Now, one of the thing I notice in your general ideological stance — your position in regard to these issues, and of course to homosexuality as well as other issues — is that you are not in regard to these issues, a conservative. And the reason I mention this is not to be a creep (though of course I suppose I really am a *creep at heart* but a semi-charming one, at least I hope so!) It is to point to an important and a larger issue that is affecting American culture but also world culture and this through the influence of American liberalism — or ‘hyper-liberalism’ as the term should really be: a thorough ungrounding from sane Liberal principles classically understood. The opening of the roads to genuine deviancy.
If you cannot take a stand against a film that tends toward pedophiliac-lite — and whether this film does that or not is not the point, but rather that this is the direction things are going — you cannot be said to preserve or to conserve what had been, and still are for some, necessary and needed conservative principles.
Ugh. The film isn’t pornography, and the fact that a legitimate work of art may appeal to fetishes of one kind or another is 100% irrelevant to its artistic value. Your argument is why misguided censors put drapes over copies of “Davis’ and Rubens’ nudes.
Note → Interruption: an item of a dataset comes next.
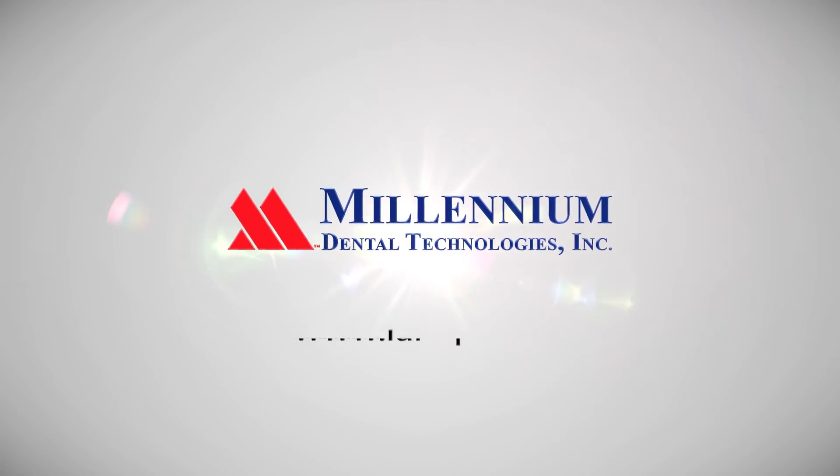If you want to learn more, you can always go to lanap.com or you can call Millennium at 1-888-49-LASER.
No, it absolutely is not the same argument. In no sense is it even similar!
This film arouses, with sound justification, concerns about child porn and about the sexualization of children’s culture.
They may indeed have over-reacted to what is in this film itself. This over-reaction would be typical in an hysterical culture.
I do certainly agree that some portrayals that I would see and label as ‘deviant’ can also be highly artistic.
The issue here is not a child’s body in a classical work of art. The issue here is one that I defined (to some degree) in what I wrote.
You do not respond to any of that. Why?
The movie isn’t about children’s bodies, nor is it deviant. If anything, it is about something normal that adults don’t like to think about. It’s about growing up, the influence of culture, peer group influence, and making mistakes. The fact that a perv may see it as something else is not the film’s problem, nor the filmmakers.
I am relatively certain that you do not believe in nor trust my judgments and assessments about many different things. Over the years you have certainly indicated as much. I have always and I do respect your opinion.
I do not find good reasons to believe in the judgments and assessments that you make about issues having to do with sexuality and sexual deviancy nor about a wide range of things. So I guess we see each other is a similar, and slightly prejudiced, light.
Yet this is also true across the board and culturally. We are in the midst of cultural wars and value wars. These battles a re on-going in America right now and they will definitely heat up and will not abate.
The things that I write about, you cannot even comment on. When you comment, you don’t really comment. Because — this is my interpretation — you do not grasp what I am saying and why.
But this too fits into the Culture Wars going on. They are wars about values.
I wrote:
I do not suppose that you are interested in the depth-view of the problem I outlined in my post, but that does not necessarily mean that my concerns — *our* concerns if you wish — are not important.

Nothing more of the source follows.